**Source material:**
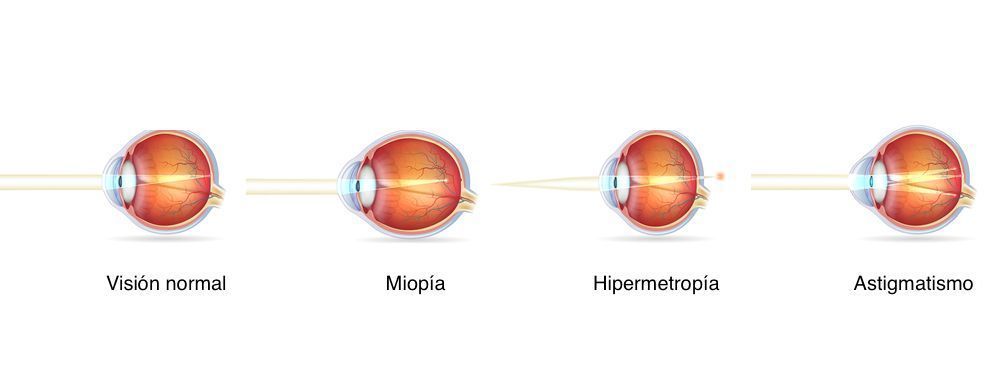errores refractivos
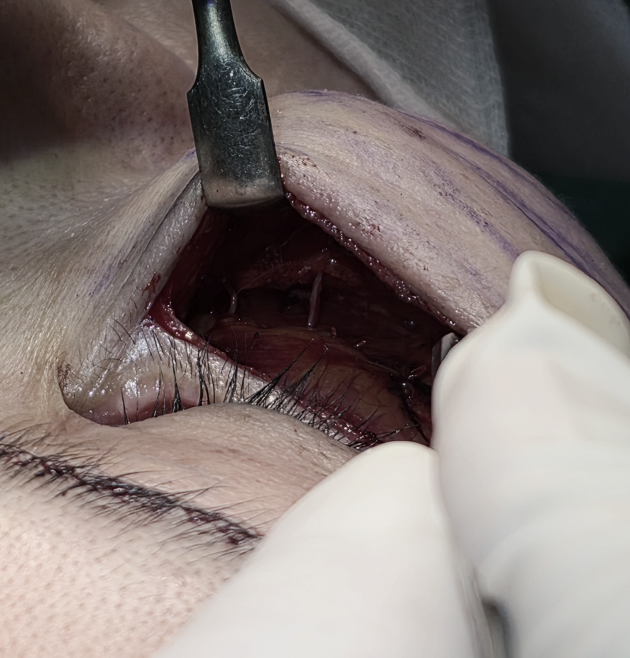 [Caution: Surgical Images] Lower Eyelid Lift — The Actual Procedure, Step by Step — 5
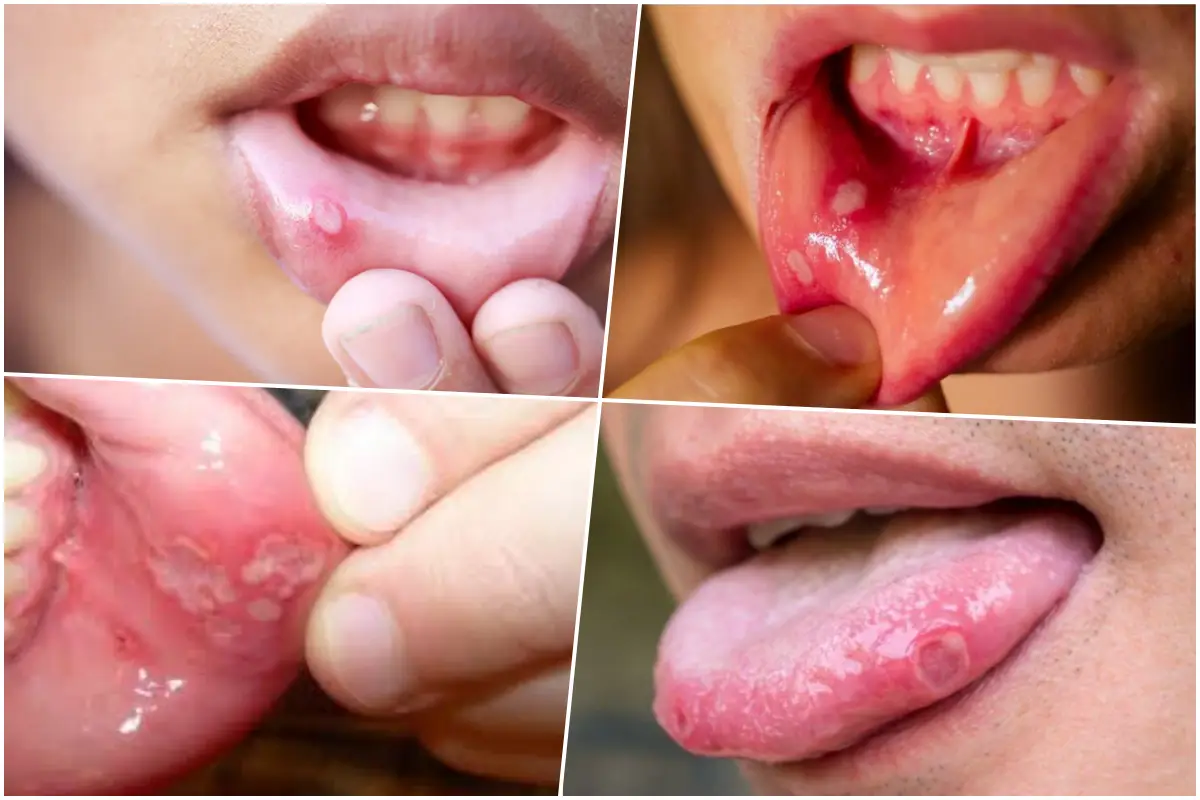 Mouth Ulcers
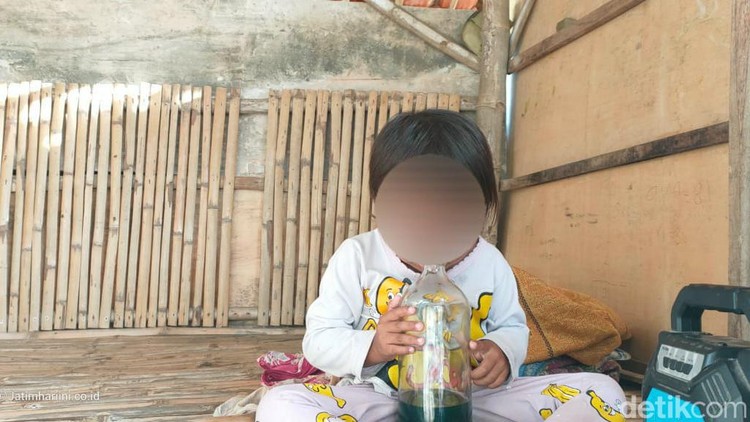 Balita di Sampang kecanduan hirup bensin Balita di Sampang kecanduan hirup bensin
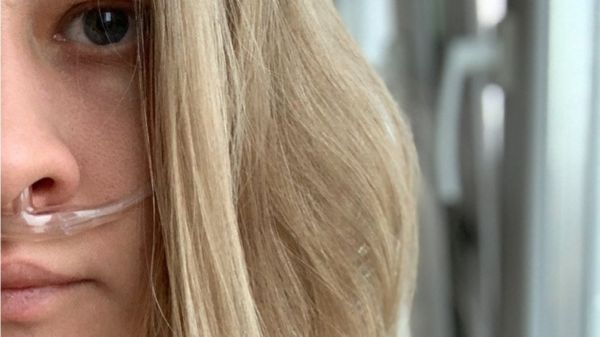 "Ожидание хуже самой смерти". Почему в России задерживают операции по трансплантации легких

**What to produce:** Output all the material verbatim, skipping every image.

**Written solution:**
errores refractivos
 [Caution: Surgical Images] Lower Eyelid Lift — The Actual Procedure, Step by Step — 5
 Mouth Ulcers
 Balita di Sampang kecanduan hirup bensin Balita di Sampang kecanduan hirup bensin
 "Ожидание хуже самой смерти". Почему в России задерживают операции по трансплантации легких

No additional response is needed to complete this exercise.